E cosi la giovane attrice comincia un percorso straordinario fino a diventare l’assoluta protagonista della commedia italiana al femminile, non disdegnando però curiosità e voglia di nuove esperienze con rapide incursioni a effetto nel cinema internazionale. Una ridda di titoli quali, “Dramma della gelosia, tutti i particolari di cronaca” di Ettore Scola; “Ninì Tirabusciò, la donna che inventò la mossa” di Marcello Fondato; “La Tosca” di Luigi Magni e “Polvere di stelle” di e con Alberto Sordi: primo film che illustra con acume e leggerezza tutta una serie di ritratti della coppia italiana di quei tempi, vengono intervallati con opere di diverso prestigio diretta da famosi registi internazionali Miklos Janko, Luis Bunuel e Andrè Cayatte tra i tanti.
Proiettata nel clima rovente dei rampanti anni ottanta, Monica Vitti con un opportuno ritorno di fiamma ritorna a lavorare col suo primo mentore Michelangelo Antonioni nel film: Il mistero di Oberward, poi con infinita grazia  e naturale disinvoltura, oltre il cinema, si divide equamente tra sceneggiatura, teatro e televisione dove ribadisce la sua versatilità condita da grande eleganza e notevole senso dell’umorismo che nel 1988 si concretizza anche in un video clip con Orazio Orlando sulle spiritosissime note della canzone di Mina: “Ma chi è quello lì”.

Dopo aver curato la regia di Scandalo segreto da lei anche scritto e interpretato, appare in una miniserie tv accanto a Johnny Dorelli e fa parte del cast di Domenica In e nel 1995 riceve il Leone d’oro alla carriera alla mostra internazionale del cinema di Venezia.

Già da tempo ritritatasi dalle scene per cause di salute appare per l’ultima volta in pubblico nel 2002. Da quel momento a oggi vive nel silenzio ovattato di una clinica svizzera un’esistenza solitaria, malgrado l’affettuosa presenza fisica dei suoi cari. Solo futili ombre sostituiscono i messaggeri d’amore del passato: i suoi uomini, la sua città, le sue ferventi passioni, i suoi espressivi e vivaci personaggi e le incredibili sfide contro sé stessa, molte delle quali vinte per distacco. L’attrice, da sempre simbolo di una moderna romanità, è stata una donna a tutto tondo capace sempre di ribaltare, sia nella vita privata che sul lavoro, lo stereotipo che la vorrebbe protagonista di un ruolo infarcito di luoghi comuni.

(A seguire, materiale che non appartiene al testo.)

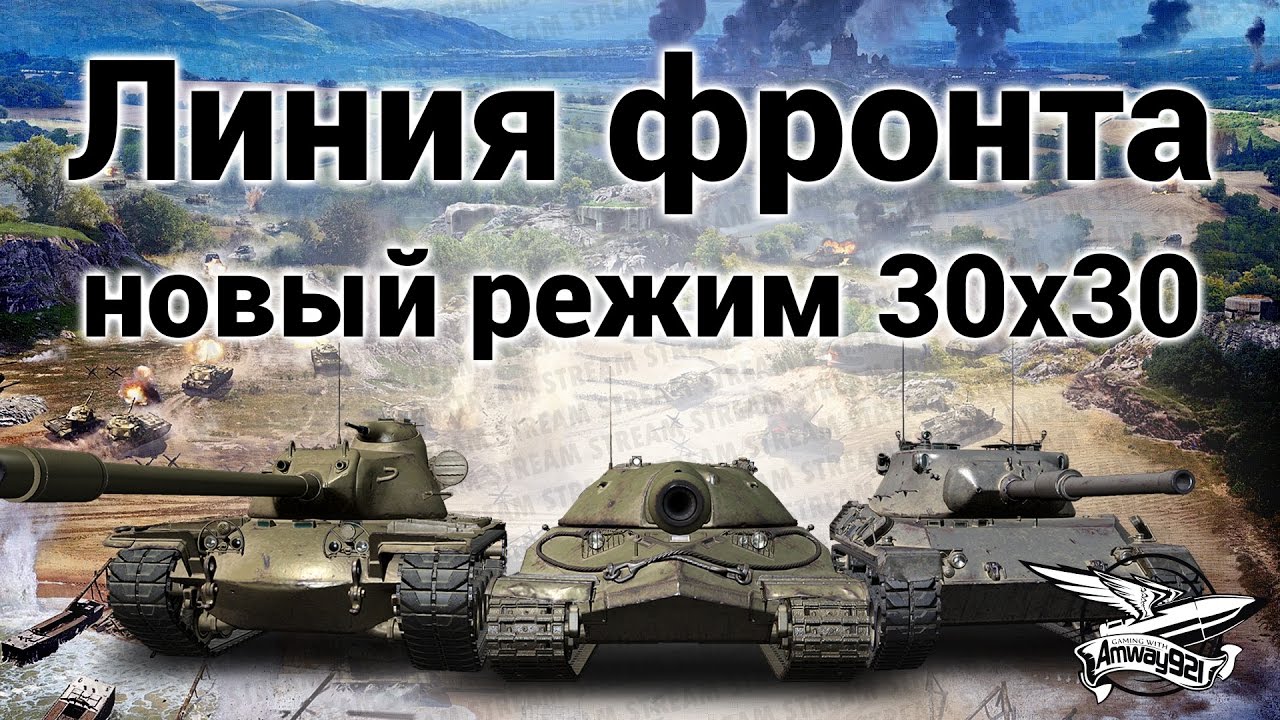 Стрим - Линия фронта - Новый режим 30 на 30 игроков на огромной карте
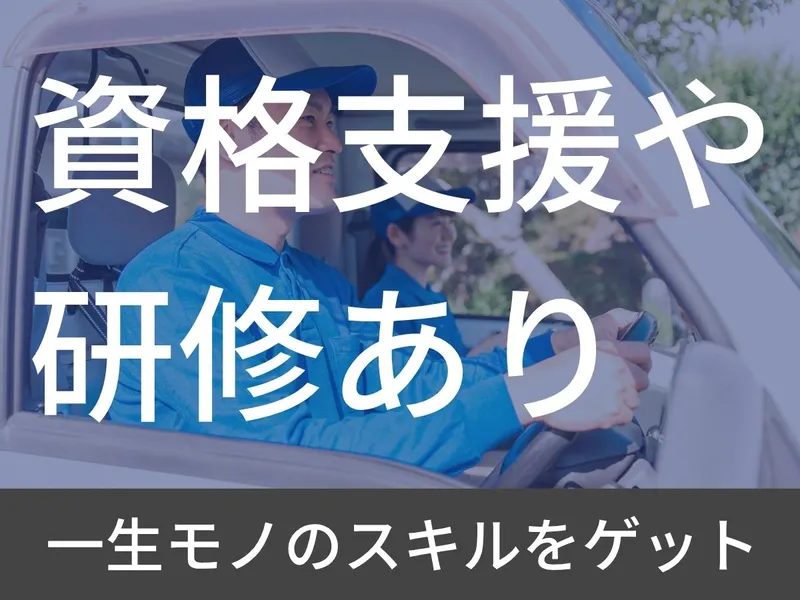 ケー・ビー・エス株式会社　営業所のアルバイト・バイト求人情報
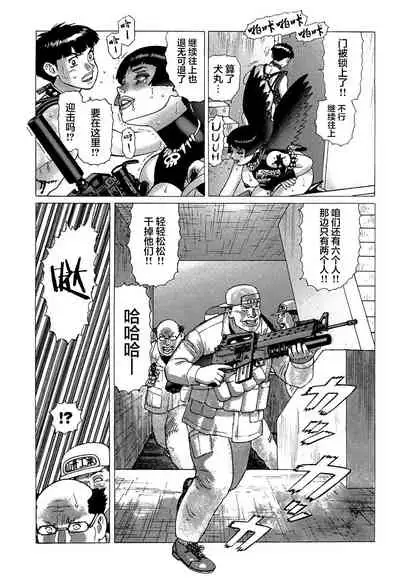 [Yamamoto Atsuji] Ammo Vol 5[Chinese][雷电将军汉化]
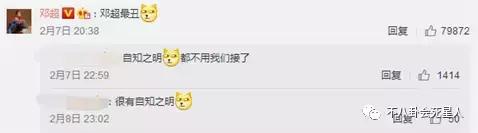 邓超为什么叫鹿晗儿子,邓超在跑男叫鹿晗儿子第几期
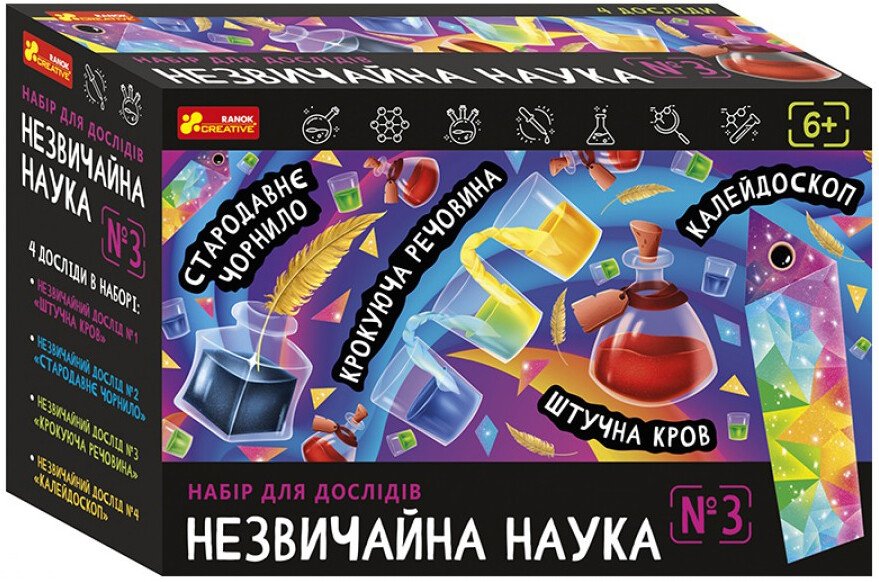 Набір для дослідів. Незвичайна наука №3
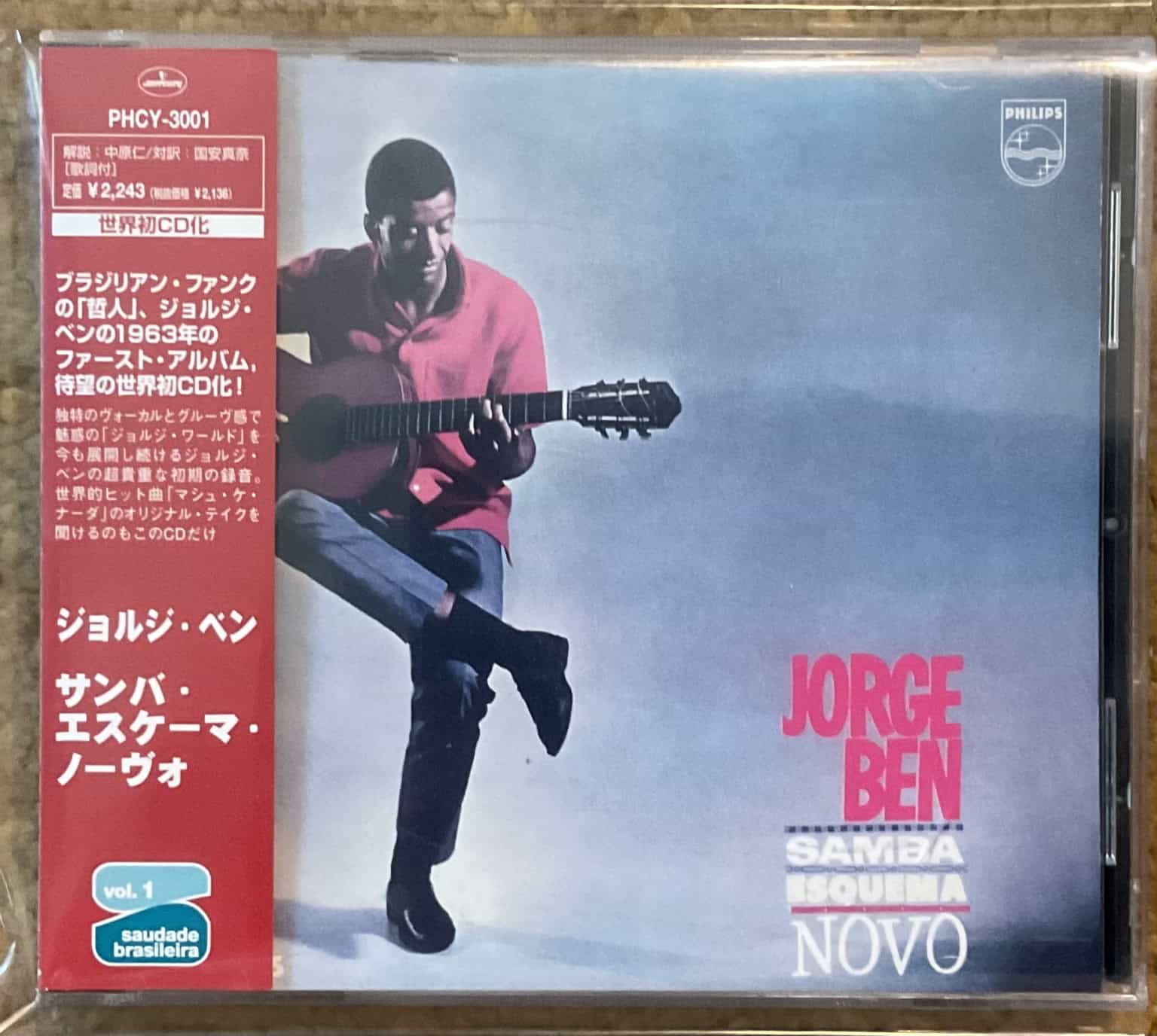 Jorge Ben – Samba Esquema Novo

Auguri cara Monica, che la festa cominci al brillio di tante candeline sulla ribalta di un immaginario e fantastico set dove le sue abbaglianti lampade illuminino questo giorno. Un ulteriore pretesto per raccontare la lunga e fulgida storia di una carriera inimitabile, purtroppo finita nel buio del silenzio più assoluto: quello della mente.